Yeme ve uyku düzeni sınava göre ayarlanmalı
Yeme ve uyku düzeninin sınav başarısı için oldukça önemli olduğunu belirten Gülşen, “Yeme alışkanlıkları ve uyku düzeni sınav hazırlık sürecine dâhildir. Bu süreçte öğrencilerin sınav saatine göre alışkanlıklar geliştirmeleri gerekiyor. Öğrencinin sınav günü uyanacağı saati belirleyip, artık o rutini oluşturması lazım. Bu durum biyolojik saatin ayarlanması açısından önemli. En az 7-8 saat uyumalılar. Psikolojik ve fiziksel olarak hassas bir dönemden geçtiğimiz için bu süreç yeme alışkanlıklarına da etki edebiliyor. Mümkün olabildiği kadar güvenli yiyecekler yenilmeli. Günlük yaşamlarında ne tüketiliyorsa, sınav gününe yaklaşıkça yine o rutine uysunlar. Sınava gidecekmiş gibi uyanıp, kahvaltılarını ederek, bu süreci deneme çözerek değerlendirsinler” şeklinde konuştu.

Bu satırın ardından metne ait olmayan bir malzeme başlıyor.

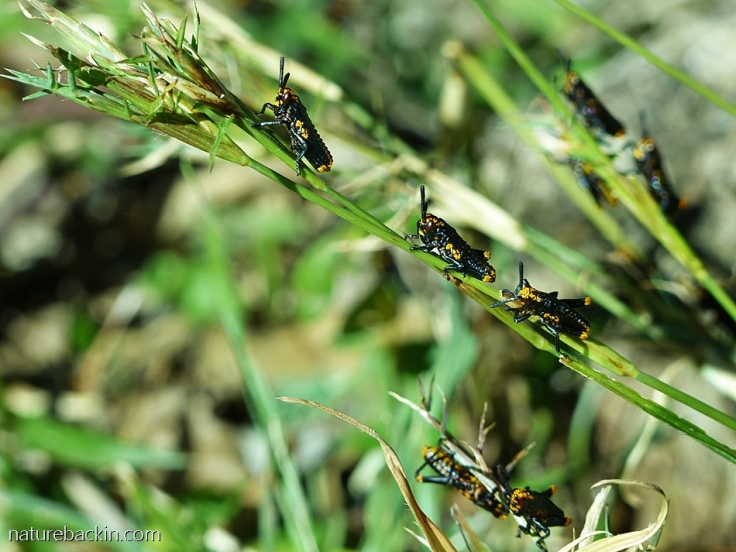 Nymphs of the koppie foam grasshopper on grass stems in a suburban garden South Africa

“Her öğrencinin biricik ve kendine özgü tekniği olmalı”
Daha önceden uygulanmamış hiçbir stratejinin sınav anında kullanılmaması gerektiğinin altını çizen Gülşen, “Başarının yüzde 50’sini sağlayacak olan sınav kaygısını iyi yönetmek ve uygulanacak stratejidir. Öğrenci deneme sınavlarında her gün Türkçe’ den başlıyorsa sınav anında Matematik’ten başlamamalı. Bazı öğrenciler için en çok sevdiği dersten başlamak iyi bir strateji olurken, bazıları için ise soru kitapçığının başından başlamak iyi olacaktır. Her öğrencinin biricik ve kendine özgü bir tekniğinin olması gerekiyor. Bunun da kendini tanımakla ilgisi var. Öğrencilerin bu zamana kadar uyguladıkları tekniği sınav anında da uygulamasını öneriyorum” dedi.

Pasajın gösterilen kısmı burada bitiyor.